7. Graceful degradation

When something fails, fail into a safe, reduced mode — escalate to a human, return a conservative answer, or decline — rather than crashing or, worse, taking a confident wrong action. The harness must have well-defined behavior for impasse, budget exhaustion, tool outage, and low confidence. A system that does not know how to give up safely is not production-ready.

8. Idempotent and reversible actuation

Because the loop is stochastic and may retry, actions on the world should be idempotent where possible and reversible where not. A retried tool call must not double-charge a customer; a write should be safe to repeat; high-impact actions should be staged, confirmable, and rollback-capable. This principle is what makes retries — essential for reliability — safe.

Tensions between principles

The principles are not always aligned. Reliability-over-capability constrains what the model is allowed to attempt; observability-first adds latency and cost; least-authority slows development.
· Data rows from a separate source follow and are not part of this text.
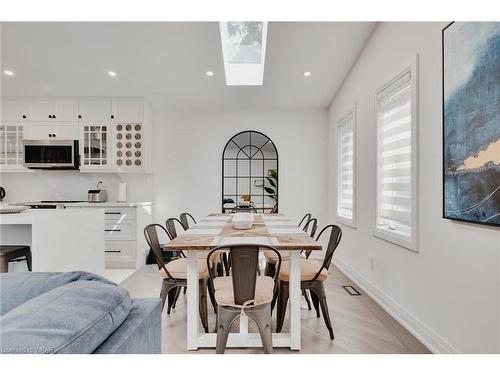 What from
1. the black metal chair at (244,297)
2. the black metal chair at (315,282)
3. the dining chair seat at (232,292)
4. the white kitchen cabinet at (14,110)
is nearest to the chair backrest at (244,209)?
the black metal chair at (315,282)

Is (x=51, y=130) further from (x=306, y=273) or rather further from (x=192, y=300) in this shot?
(x=306, y=273)

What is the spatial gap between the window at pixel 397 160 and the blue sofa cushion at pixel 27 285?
231cm

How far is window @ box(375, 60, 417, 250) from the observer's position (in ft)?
7.52

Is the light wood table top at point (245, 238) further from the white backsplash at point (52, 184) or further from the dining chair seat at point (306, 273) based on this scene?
the white backsplash at point (52, 184)

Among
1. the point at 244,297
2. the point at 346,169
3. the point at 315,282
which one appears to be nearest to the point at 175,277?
the point at 244,297

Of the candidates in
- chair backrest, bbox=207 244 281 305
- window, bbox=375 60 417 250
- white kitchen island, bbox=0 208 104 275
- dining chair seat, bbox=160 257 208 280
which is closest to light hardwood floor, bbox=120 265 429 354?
dining chair seat, bbox=160 257 208 280

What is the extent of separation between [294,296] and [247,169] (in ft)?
10.5

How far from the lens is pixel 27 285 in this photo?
916 millimetres

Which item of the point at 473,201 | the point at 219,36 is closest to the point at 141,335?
the point at 473,201

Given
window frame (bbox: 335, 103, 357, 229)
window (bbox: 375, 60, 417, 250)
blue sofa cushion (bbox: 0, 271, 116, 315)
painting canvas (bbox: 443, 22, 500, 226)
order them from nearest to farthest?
1. blue sofa cushion (bbox: 0, 271, 116, 315)
2. painting canvas (bbox: 443, 22, 500, 226)
3. window (bbox: 375, 60, 417, 250)
4. window frame (bbox: 335, 103, 357, 229)

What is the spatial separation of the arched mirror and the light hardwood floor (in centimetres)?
218

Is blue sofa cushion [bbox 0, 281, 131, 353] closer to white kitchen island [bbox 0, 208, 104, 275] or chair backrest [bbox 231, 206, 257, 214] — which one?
white kitchen island [bbox 0, 208, 104, 275] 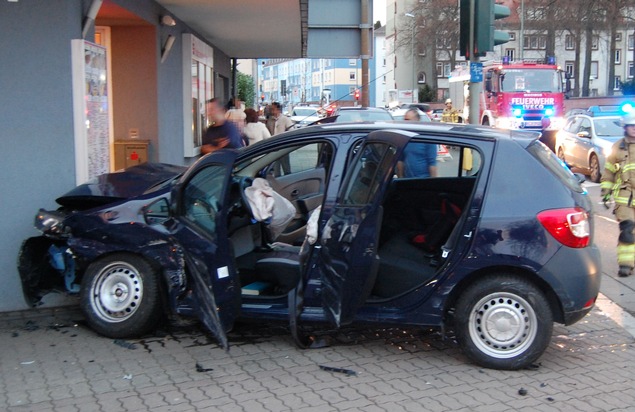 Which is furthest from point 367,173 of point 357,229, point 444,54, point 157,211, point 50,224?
point 444,54

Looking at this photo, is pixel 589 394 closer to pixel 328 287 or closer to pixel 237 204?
pixel 328 287

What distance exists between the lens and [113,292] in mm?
5918

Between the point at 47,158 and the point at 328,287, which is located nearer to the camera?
the point at 328,287

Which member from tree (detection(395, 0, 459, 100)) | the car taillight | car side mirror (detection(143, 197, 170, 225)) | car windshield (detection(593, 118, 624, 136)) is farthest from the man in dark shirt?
tree (detection(395, 0, 459, 100))

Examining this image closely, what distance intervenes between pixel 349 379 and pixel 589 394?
159 centimetres

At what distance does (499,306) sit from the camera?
527 centimetres

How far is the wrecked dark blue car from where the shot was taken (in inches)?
204

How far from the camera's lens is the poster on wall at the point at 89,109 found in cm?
680

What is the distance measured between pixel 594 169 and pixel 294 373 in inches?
593

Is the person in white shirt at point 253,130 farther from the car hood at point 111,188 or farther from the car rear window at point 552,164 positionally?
the car rear window at point 552,164

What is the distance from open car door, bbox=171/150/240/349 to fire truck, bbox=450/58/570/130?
22.5 meters

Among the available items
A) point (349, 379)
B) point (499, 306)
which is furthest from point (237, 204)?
point (499, 306)

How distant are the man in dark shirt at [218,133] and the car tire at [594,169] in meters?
12.8

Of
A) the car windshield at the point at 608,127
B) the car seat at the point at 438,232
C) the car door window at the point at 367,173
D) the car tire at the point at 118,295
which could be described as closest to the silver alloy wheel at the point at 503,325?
the car seat at the point at 438,232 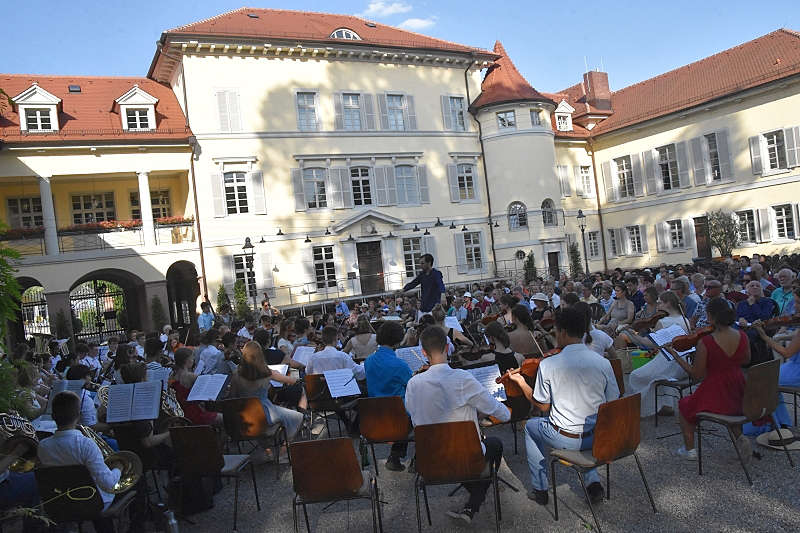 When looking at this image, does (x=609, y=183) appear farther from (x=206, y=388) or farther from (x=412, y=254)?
(x=206, y=388)

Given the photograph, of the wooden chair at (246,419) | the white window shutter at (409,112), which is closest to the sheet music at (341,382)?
the wooden chair at (246,419)

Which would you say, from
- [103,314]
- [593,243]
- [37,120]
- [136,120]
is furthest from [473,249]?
[103,314]

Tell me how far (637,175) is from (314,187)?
17.6 metres

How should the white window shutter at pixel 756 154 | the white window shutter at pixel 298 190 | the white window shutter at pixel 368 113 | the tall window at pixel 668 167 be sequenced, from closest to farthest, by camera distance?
1. the white window shutter at pixel 298 190
2. the white window shutter at pixel 756 154
3. the white window shutter at pixel 368 113
4. the tall window at pixel 668 167

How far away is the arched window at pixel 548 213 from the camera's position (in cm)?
3094

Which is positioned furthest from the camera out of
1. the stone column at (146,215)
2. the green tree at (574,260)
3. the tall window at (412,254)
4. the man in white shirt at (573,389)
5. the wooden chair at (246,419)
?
the green tree at (574,260)

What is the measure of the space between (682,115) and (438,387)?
30.4 meters

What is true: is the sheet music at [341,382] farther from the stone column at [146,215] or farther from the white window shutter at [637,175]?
the white window shutter at [637,175]

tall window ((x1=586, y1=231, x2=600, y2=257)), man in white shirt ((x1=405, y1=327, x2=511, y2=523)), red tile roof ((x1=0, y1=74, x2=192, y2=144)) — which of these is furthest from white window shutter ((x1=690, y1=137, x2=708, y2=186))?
man in white shirt ((x1=405, y1=327, x2=511, y2=523))

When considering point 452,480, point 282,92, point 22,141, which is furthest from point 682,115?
point 452,480

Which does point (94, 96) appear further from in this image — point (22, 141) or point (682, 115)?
point (682, 115)

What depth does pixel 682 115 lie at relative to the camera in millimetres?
30656

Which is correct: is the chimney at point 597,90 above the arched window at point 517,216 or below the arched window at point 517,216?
above

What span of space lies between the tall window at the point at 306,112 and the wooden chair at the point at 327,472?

Good harness engineering is the art of resolving these tensions deliberately and documenting the trade-off, rather than letting one principle silently win. The meta-principle: make the trade-off explicit and measurable.

Principle	Primary risk it mitigates	Main cost it imposes
Reliability over capability	Catastrophic tail behavior	Reduced scope
Determinism boundaries	Unbounded non-determinism	Up-front design effort
Observability-first	Undebuggable runs	Storage, latency
Evidence-first	Silent regressions	Eval infrastructure
Defense in depth	Single-point catastrophe	Redundant controls
Least authority	Large blast radius	Slower iteration
Graceful degradation	Confident wrong actions	Extra fallback paths
Idempotent actuation	Harmful retries	Action design complexity

Observed Failure Modes

Principle theater: Citing the principles in a design doc but not enforcing them in code or CI.
Capability chasing: Letting an impressive model capability widen scope past what the harness can reliably control.
Optimizing the unseen: Tuning prompts and chains before observability exists, so "improvements" are unmeasured.
All-or-nothing failure: No degraded mode, so any single component outage takes the whole system down or produces a confident error.

Cost Metrics

The principles trade marginal per-request cost (instrumentation, validation, redundant checks) for large reductions in the cost of failure (incidents, rework, audit findings, reputational damage). The economically correct framing is expected cost including tail events, where the principles consistently pay for themselves.

Scaling Characteristics

Principles compound at scale. Determinism boundaries and least authority bound the failure surface as step count and concurrency grow; observability- and evidence-first keep a growing system debuggable and regression-safe. Systems built without the principles tend to degrade super-linearly as they scale, because every new capability adds unbounded, unmeasured, over-privileged surface.

HRN-001 — Harness Engineering: Definition and Overview
HRN-003 — The Harness Taxonomy

References

Analogy to established software principles (SOLID, twelve-factor, defense in depth) adapted to agentic systems.
Industry observation on agentic system reliability practices, 2023–2026.
Santa María, S. — Working notes on harness design principles.

FAQs

Q: Which principle matters most? A: Observability-first is the practical entry point because every other principle depends on measurement. Determinism boundaries is the highest-leverage design decision. They reinforce each other.

Q: Aren't these just general software engineering principles? A: Several are adapted from classic engineering, which is intentional — agentic systems are still software. But the determinism boundary, evidence-first measurement of a stochastic system, and treating the model as untrusted input are specific to the harness.

Q: How do I enforce principles, not just state them? A: Encode them in CI and runtime: schema validation as code, eval gates on merge, permission checks at the tool boundary, and required tracing. A principle that is not enforced is a wish.